A pesar de que todavía éramos jóvenes, ambos nos sentíamos fuera de toda pretensión de protagonismo histórico. Nos amparaba, eso sí, el periodismo, una privilegiada manera de ser espía del presente, observador comprometido y testigo de cargo.
Como suele ocurrir con demasiada frecuencia en la Argentina, aquellos eran tiempos de intensidad política inusitada. La historia parecía transcurrir entre respingos, como si pujara por salirse de libreto para volver a lo de siempre: claridad, penumbra, noche. O sea: elecciones, desgobierno, golpe de Estado. Eso temíamos en esa jornada de candombe nacional y popular.
Nuestra generación era hija de la violencia, de la prepotencia. El autoritarismo y la arbitrariedad constituían casi las únicas formas de relación política que conocía. La refinada y pluralista Europa quedaba lejísimos. No existían los matices. De modo que, incluso quienes padecían fatiga y hartazgo por tanto peregrinar a puñetazos, dudaban de que pudiera existir otra manera de vivir en sociedad. Ni Uruguay, el idilio republicano de nuestra infancia rioplatense, se había salvado de la catástrofe. De Chile, ni hablar: las fantasías de concretar una revolución social por vía comicial se habían hecho trizas con el asalto militar a La Moneda y el suicidio de Salvador Allende, el 11 de septiembre de 1973: Augusto Pinochet gobernaba, todavía, a sus anchas y con mano de hierro. La democracia era una quimera en todo el continente. En esta región, las cosas se resolvían a tiros.
Cuando nos sorprendió el amanecer alfonsinista, nosotros, “los antiguos”, teníamos ya una enorme fatiga. Éramos, de alguna manera, hilachas del fracaso argentino. Resulta difícil explicar el peso en la conciencia que acarrean los sobrevivientes de un naufragio, la pulsión que ejerce la sangre de los caídos en quienes lograron mantenerse ruinosamente a salvo. No es una cuestión que la política pueda interpretar, ni mucho menos resolver. No juegan solamente aspectos ideológicos o partidistas. Irrumpen sobre aquellos que aspiran a superar el pasado, la culpa y el dolor. Una fractura social sangrienta no se tapa con nuevos relatos o narraciones. Los muertos hablan. Pesan. Sacuden las conciencias.

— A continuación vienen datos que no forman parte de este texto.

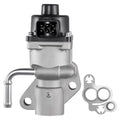 SYKRSS EGR Valve EGV1025 Compatible with Ford Escape/Fusion 2.3L/2.5L 2005-2016 | Replaces Motorcraft 1S7Z-9D475-AA, 91023 | Compatible with Mazda 3/6 & Mariner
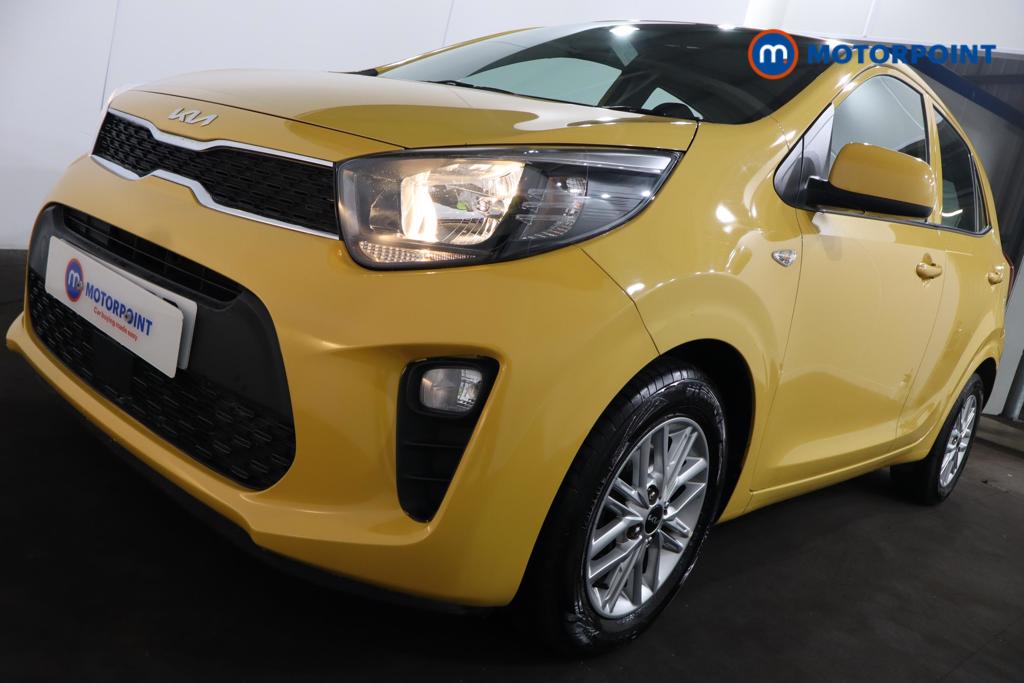 KIA Picanto 2 Manual Petrol Hatchback - Stock Number (1516111) - 26th supplementary image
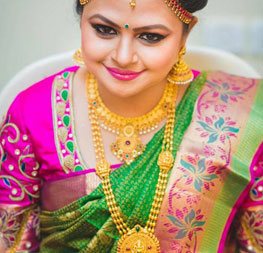 MAKEUP ARTIST IN THANJAVUR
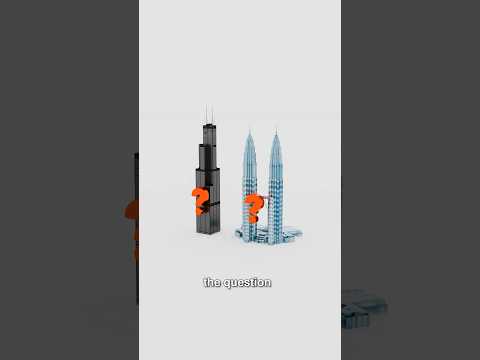 Which Building is Taller?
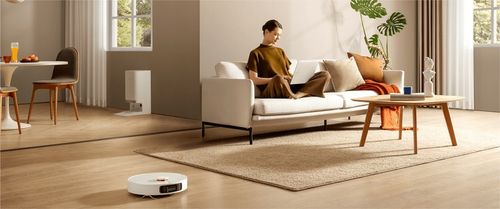 Robot sprzątający z mopem Xiaomi Robot Vacuum X20+ biały 6000Pa LDS na Arena.pl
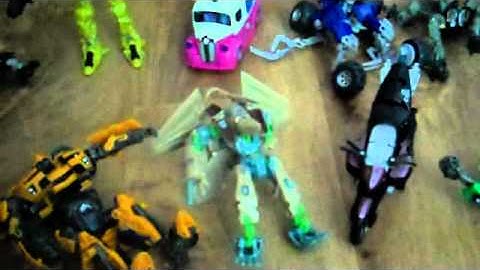 Transformers collection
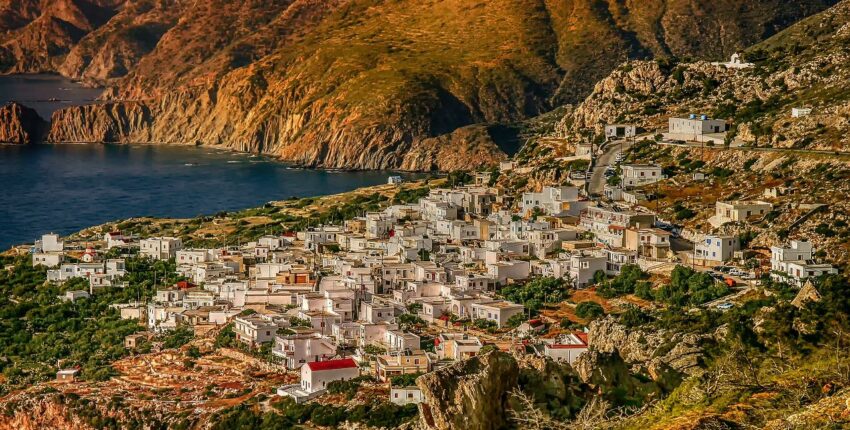 Iznomāt privātu reaktīvo lidmašīnu no Karpathos lidosta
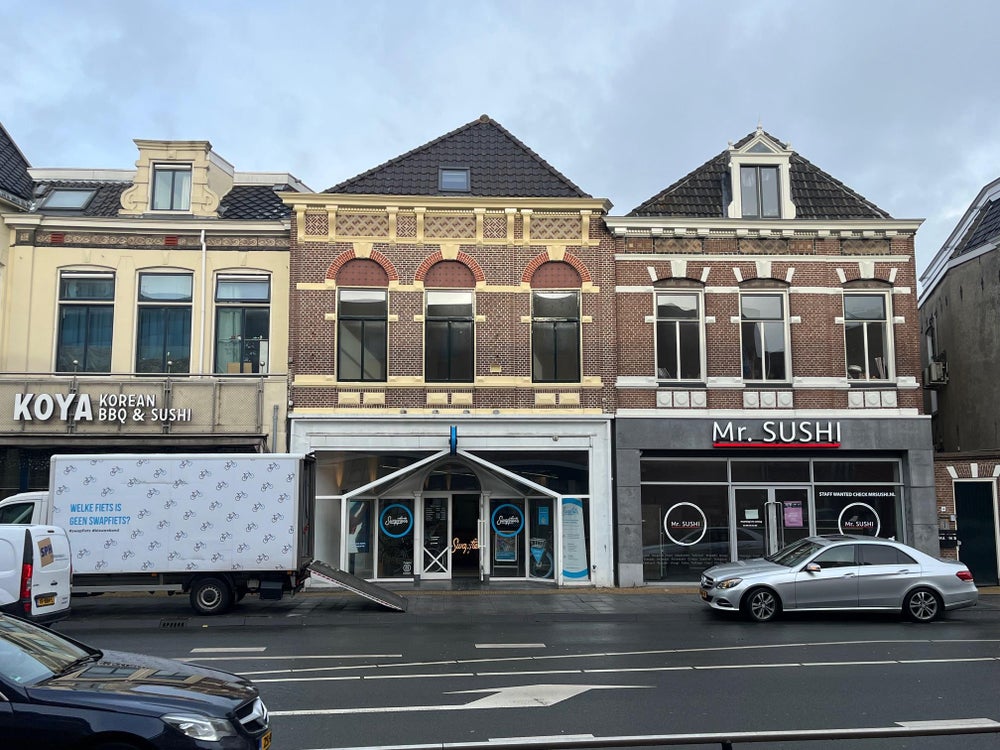 Appartement in Leeuwarden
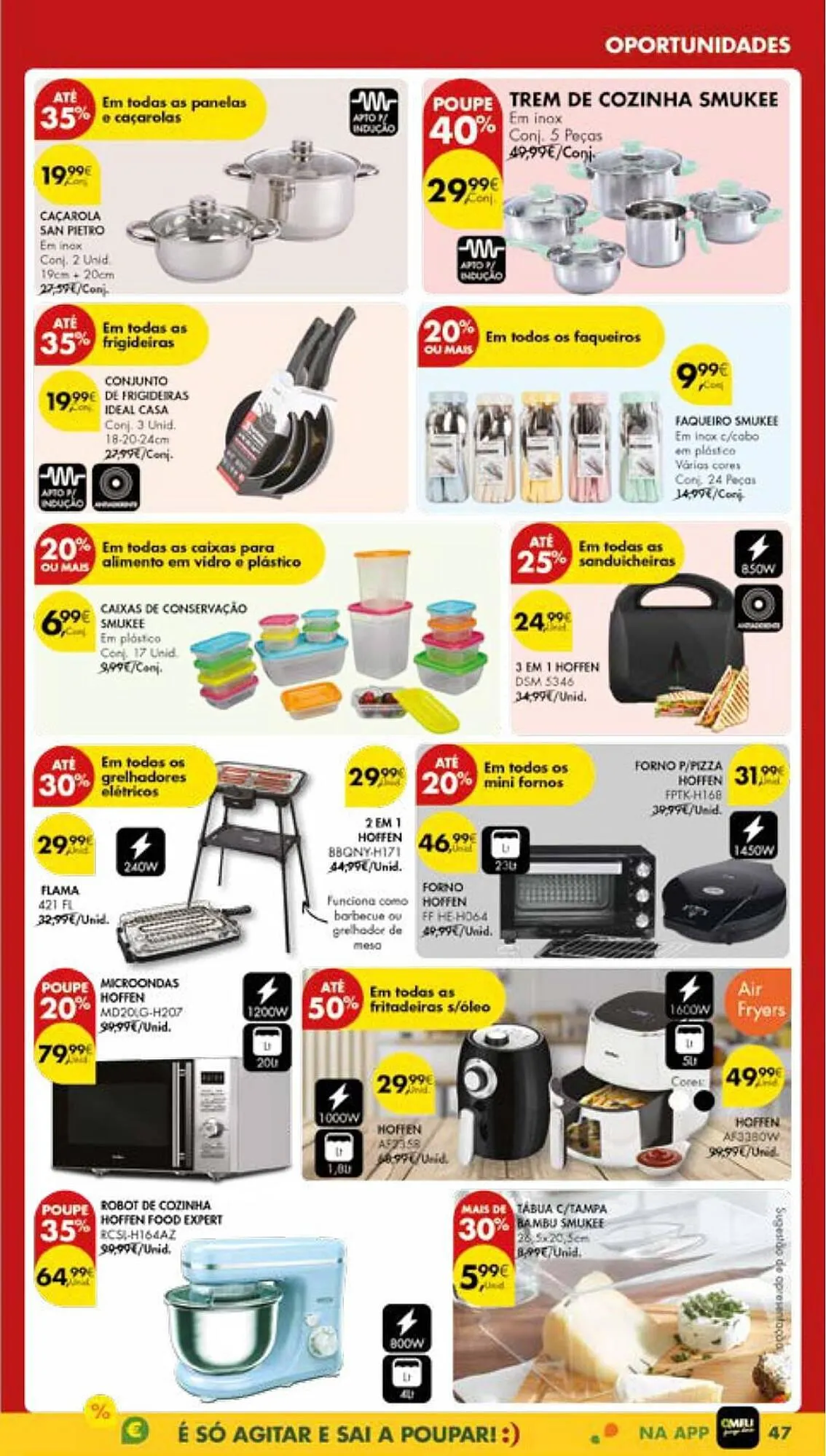 Folheto Folheto Pingo Doce de 15 de julho até 21 de julho 2025 - Pagina 53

Incluso quienes no habíamos ejercido la violencia contábamos con muchas víctimas cercanas en el haber. La dictadura había matado “por las dudas”, no solo desconociendo garantías y derechos, sino como parte de una “cruzada higienizadora”. Los grupos de ultraizquierda y las llamadas formaciones especiales, por su parte, transitaron la pulsión vanguardista: tenían una especie de ensoñación con la justicia por mano propia, cada cual con su imaginario de sociedad ideal y su particular receta de felicidad futura. Matar, morir, desaparecer, vengar fueron vocablos que marcaron nuestra adolescencia y juventud. La vida era todo o nada.
De allí veníamos. Éramos combatientes retirados de trincheras ajenas. El espectáculo que estábamos presenciando ese día desde el balcón de nuestro trabajo –que era, además, una apuesta por darnos una nueva vida, por recuperar lecturas canceladas o postergadas, luego de años en los que había estado prohibido hasta soñar– resultaba entre aterrador y farsesco. Como pasajeros de una democracia neonata, no era sencillo imaginar un futuro pacífico. Nadie sabía si una pisada en falso podía o no devolvernos a las tinieblas, a la oscuridad de la tiranía y al desquicio mortuorio, pero sí que la normalidad –nuestra modesta aspiración– corría serios riesgos. Esa gente, allí abajo, gritando consignas destempladas, nos producía algo parecido al temor. Pero también, bronca y, sobre todo, impotencia.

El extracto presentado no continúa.